Han Sen Steel Armor Shelter'den ayrıldı ve dağların içine doğru
yürüdü. Artık bakır dişli canavarları avlamayı planlamıyordu, çünkü etleri
yeterliydi ve onlardan daha fazla ilkel geno puanları kazanmıyordu. Onun
peşinden koştuğu başka bir ilkel yaratıktı. Bir kaç tanesini yiyebilir ve
evrimleşmesi için yaşayan birini geri getirebilirdi.
Han Sen bu sefer avlanmak için Barathrum Mağarası diye bir yer
seçmişti. İlkel canlıların, quartz akreplerinin yaşadığı dağın içindeki ücra
bir mağaraydı.
Barathrum mağarası çok dar ve karanlık olduğundan, aydınlatma
ekipmanları ile bile, bazen kaya tünellerinde gizli olan quartz akreplerini
görmek hala zordu.
Eğer bu akrepler tarafından sokulursanız, ilkel geno puanları
maksimize olmuş birisinin zehirden ölmesi üç beş dakika arası alırdı.
Bu nedenle, çok az kişi quartz akreplerini hedef olarak seçerdi. Ancak kara böcek zırhı ile, quartz akreplerin
bu şekilde ona ulaşamayacakları için çok fazla riskli değildi.
O quartz akreplerini seçmişti çünkü, ilk olarak mağara halktan
kendisini saklaması çok kolaydı. Ve ikincisi quartz akrepleri bir yumruk
büyüklüğündeydi. Bu yüzden taşıması zor büyük avlardan farklı olarak onu geri
götürmesi kolay olurdu. Üçüncüsü, quartz akrebinin canavar ruhunu
kazanabilirdi.
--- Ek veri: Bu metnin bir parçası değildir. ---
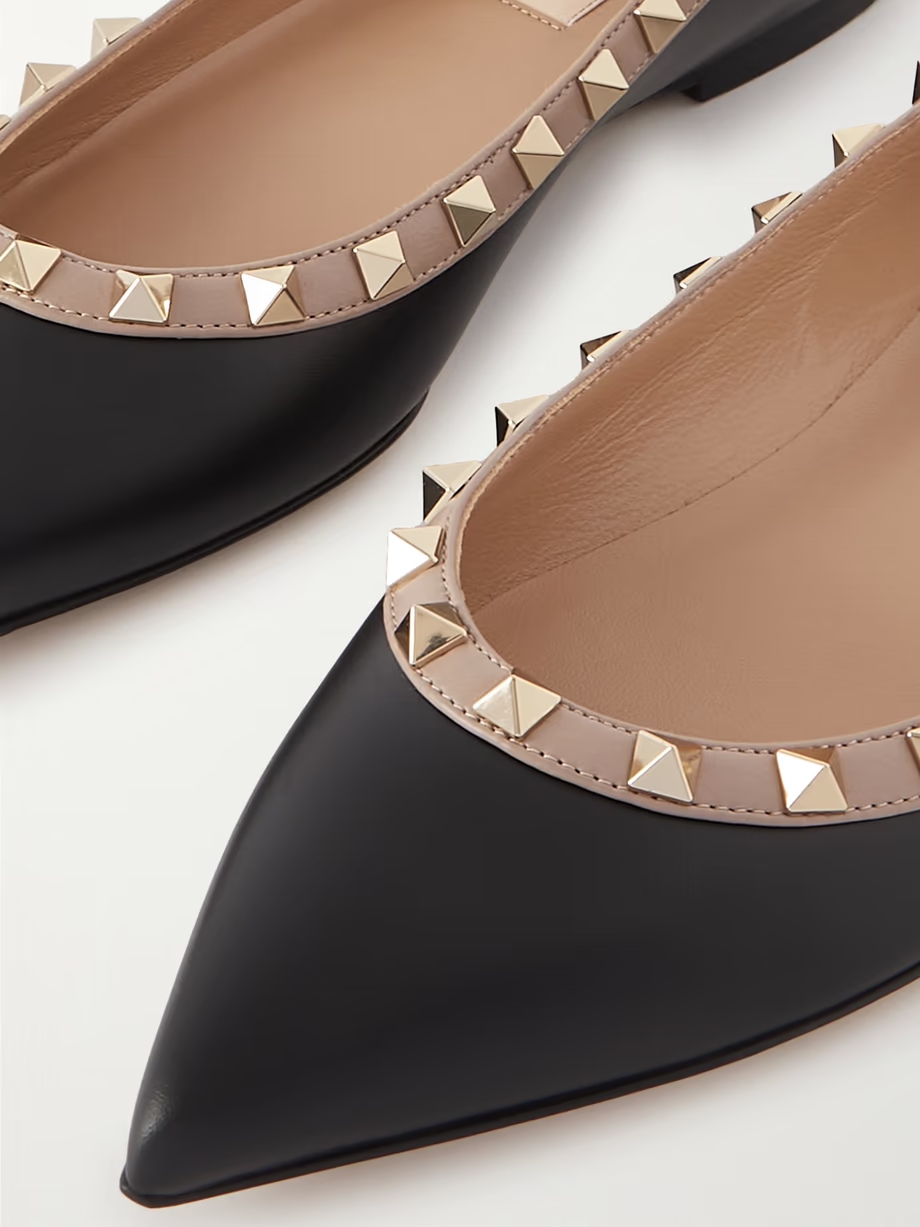 Rockstud leather point-toe flats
Aynı zamanda zehirli ve inanılmaz keskin olan bir askeri bıçak
gibi bir silah olduğu için bir servet de yapabilirdi. İlkel bir canavar ruhu
olarak fiyatı neredeyse mutant olanlar kadar yüksekti.
Mağaranın ağzında, Han Sen tek başına olduğunda emin olduktan sonra, zırhını
çağırdı ve Barathrum mağarasına girdi.
Modern aydınlatma ekipmanları, God's Santuary'de çalışmadığı için
önünü sadece bir kaç metre görebileceği el yapımı bir meşale getirdi. Işığı
yansıtan kayaların içindeki mika ile gizlenen akrepleri görmesi çok zor
olabilirdi.
Clank!
Han Sen çok geçmeden ayağında bir darbe hissetti. Aşağı baktı ve
yumruk büyüklüğünde kuyruğu ile sokmaya çalışan derin mavi akrebi gördü.